═════ EXERCISE DATA

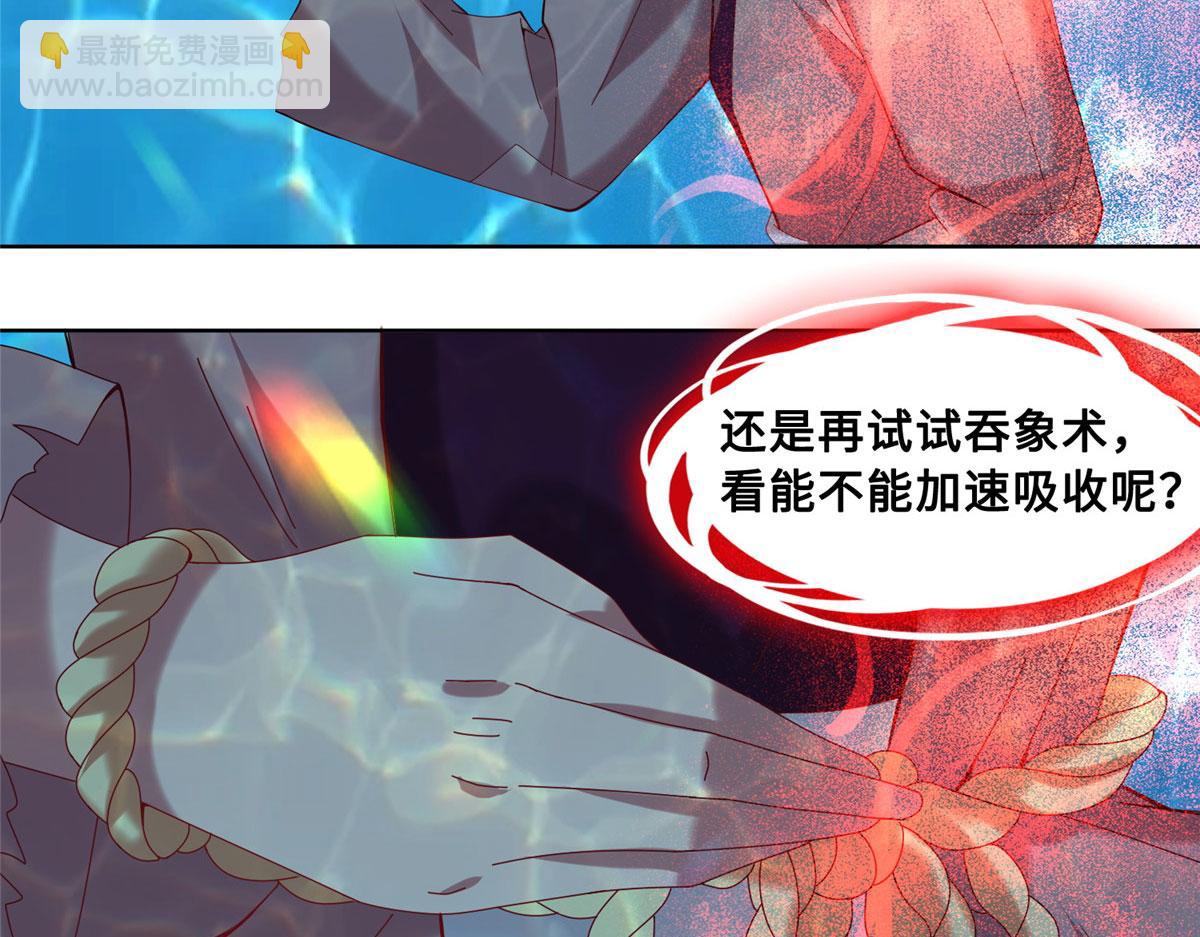 022 绝处逢生！再度精进！(1/2)-第23话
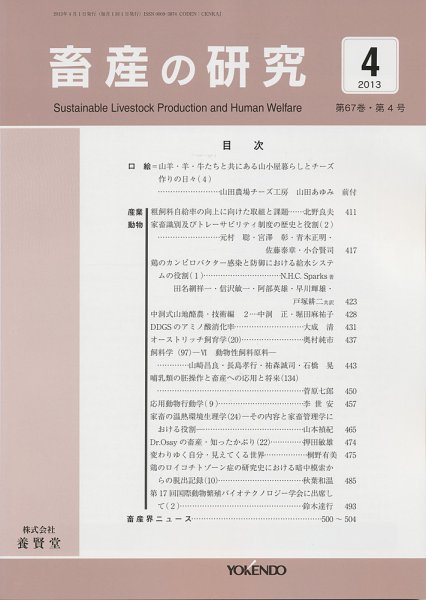 畜産の研究 第67巻第4号 (発売日2013年03月28日) 表紙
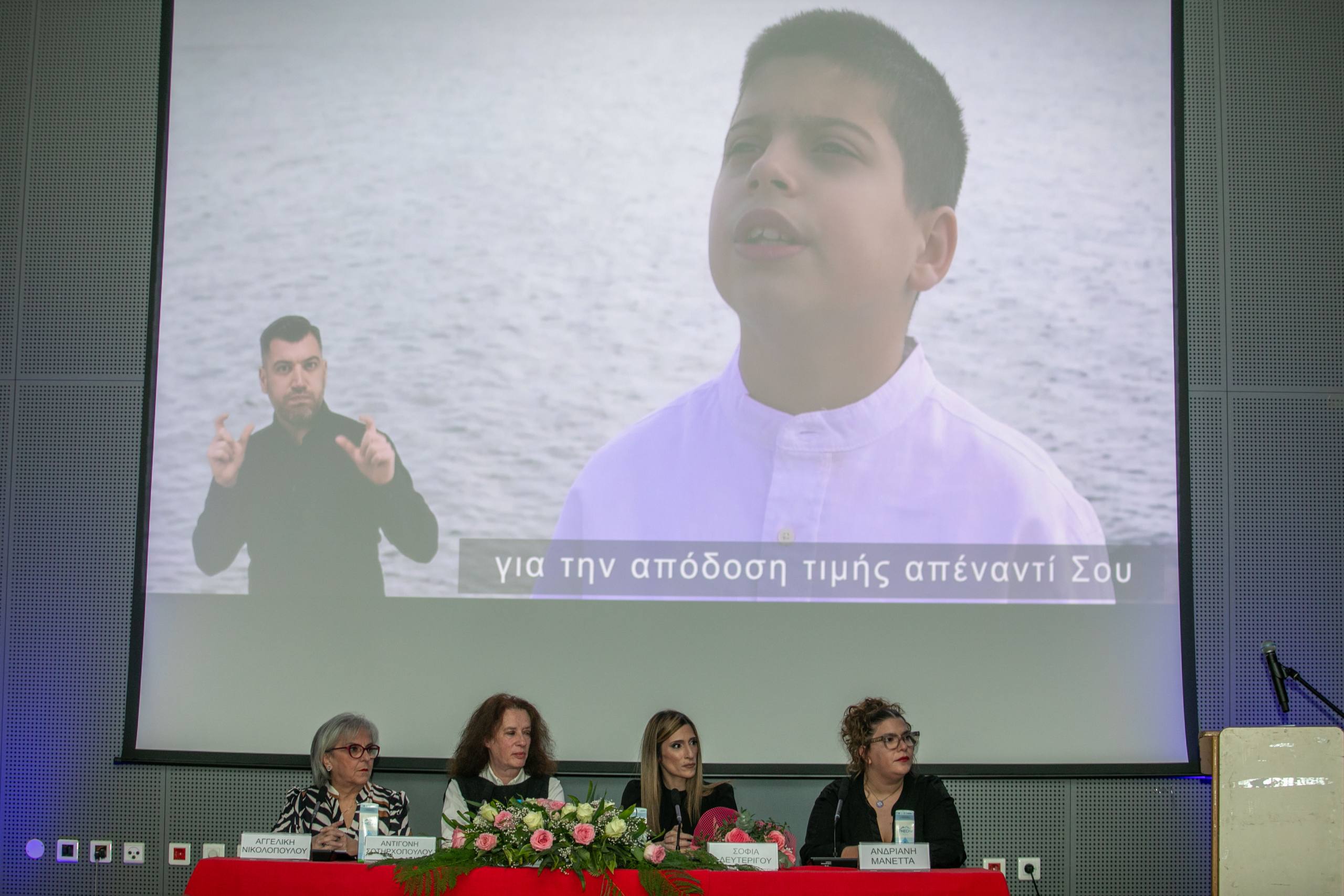 Η Πάτρα φιλοξένησε την πρώτη πλήρως συμπεριληπτική ποιητική παρουσίαση στην Ελλάδα και την Ευρώπη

══════════

# [TASK DETAILS]
Retype each line above exactly. Leave the images out.

# [EXERCISE SOLUTION]
 022 绝处逢生！再度精进！(1/2)-第23话
 畜産の研究 第67巻第4号 (発売日2013年03月28日) 表紙
 Η Πάτρα φιλοξένησε την πρώτη πλήρως συμπεριληπτική ποιητική παρουσίαση στην Ελλάδα και την Ευρώπη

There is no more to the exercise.